Voor het rekenen met lange periodes gebruikten de Maya’s een dóórlopende tijdsrekening. Deze “lange telling” was gebaseerd op het door hun gebruikte twintigtallige stelsel.

Een dag heette “kin”, twintig dagen vormden een soort maand, de “uinal” (“twintig”, dit woord heeft ook te maken met de naam voor de hoogste leider, “Halach uinic”). Achttien uinals vormden een “tun”, een jaar van 360 dagen, twintig tuns waren een “katun”, en twintig katuns waren een “baktun”, een periode van bijna 400 jaar. Het beginpunt van de lange telling was de mythische baktun 13 (8 September van het jaar 3114 voor Christus, Juliaans). Het getal 13 had voor de Maya’s een bijzondere betekenis. Omdat de hemelkoepel 13 hemelen kende, vermoedt men dat het getal 13 de hemel voorstelde, terwijl het getal 20 de mens voorstelde, met zijn 10 vingers en 10 tenen.

Omdat de Maya’s de nul al hadden uitgevonden gebruikten ze die bij het noteren van de verstreken tijd sinds de schepping van hun wereld. Op één van de stèle’s staat bijvoorbeeld de datum “10 . 1 . 0 . 0 . 0”: 10 baktuns, 1 katun, 0 tuns, 0 uinals en 0 kin, ofwel 4020 jaar na baktun 13 (26 November 849, Juliaans).

Behalve de datum volgens de lange telling vermeldden de Maya’s nog twee andere data op hun stèle’s: die volgens de zonnekalender met een jaar (“Haab”) van 365 dagen, en die volgens de magische kalender van 260 dagen.

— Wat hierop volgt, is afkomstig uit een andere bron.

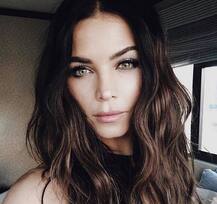 हॉलीवुड एक्ट्रेस जेना देवान फिर आई चर्चा में, ब्वॉयफ्रेंड को किस करते आईं नजर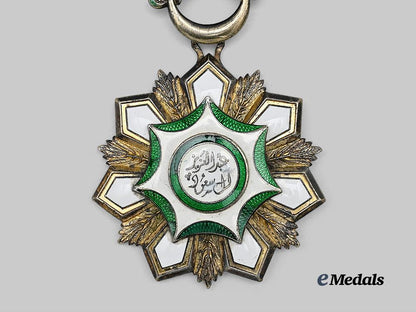 saudi_arabia,_kingdom._an_order_of_abdulazis_al_saud,_commander_e_medals__e_u24437_3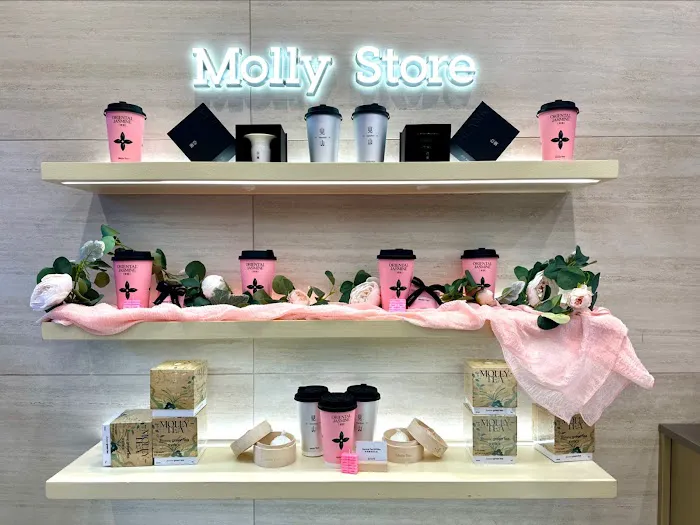 Molly Tea (Flushing) Picture 5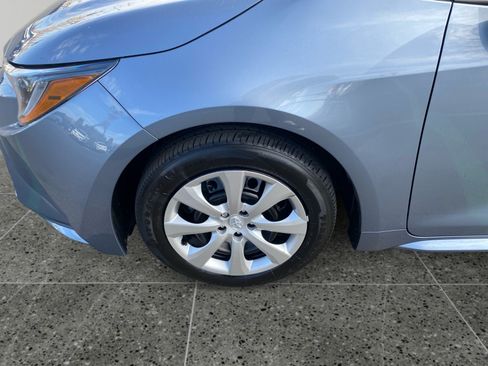 Used 2025 Toyota Corolla LE FWD image 14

De zonnekalender bestond uit achttien uinals van twintig dagen, waarbij elke uinal een naam had, en de dagen werden genummerd van 0 tot 19. Het jaar werd aangevuld met een periode van vijf dagen, Uayeb (“de naamloze”), genummerd van 0  tot 4, die als ongeluksdagen werden beschouwd.

In de magische kalender, die nog steeds wordt gebruikt, heeft elke dag van de twintigdaagse maand een naam, van Imix tot Ahau, en elke reeks van twintig dagen volgt zonder onderbreking op de voorgaande. Vóór elke dag staat een nummer dat niet van 1 to 20 loopt, maar van 1 tot 13. Wanneer nummer 13 is geweest, wordt meteen weer met nummer 1 begonnen; dit is dus ook een dóórlopende reeks, die parallel loopt aan de reeks van twintig dagen. De kalender begint als volgt:

1 Imix
2 Ik
3 Akbal
4 Kan
5 Chicchan
6 Cimi
7 Manik
8 Lamat
9 Muluc
10 Oc
11 Chuen
12 Eb
13 Ben

dan begint de volgende reeks van dertien nummers, maar de reeks van twintig namen gaat nog even door:

1 Ix
2 Men
3 Cib
4 Caban
5 Etznab
6 Cauac
7 Ahau

hier telt de tweede reeks van dertien nummers door, maar de reeks van twintig namen begint opnieuw:

8 Imix
9 Ik
10 Akbal
...

enzovoort, totdat na 260 dagen uiteindelijk
13 Ahau,

de laatste dag van de kalender, is bereikt, waarna er weer wordt begonnen met

1 Imix.

Omdat de getallen 13 en 20 geen gemeenschappelijke deler hebben, komt dezelfde combinatie pas na 260 dagen terug.

De twintig dagen hebben nog steeds elk een magische betekenis, net als de nummers 1 tot 13. In Guatemala stelt Imix de verborgen natuurkrachten voor, die zich manifesteren in krankzinnigheid, en iemand die op 1 Imix is geboren wordt beschouwd als een abnormaal, onvoorspelbaar persoon.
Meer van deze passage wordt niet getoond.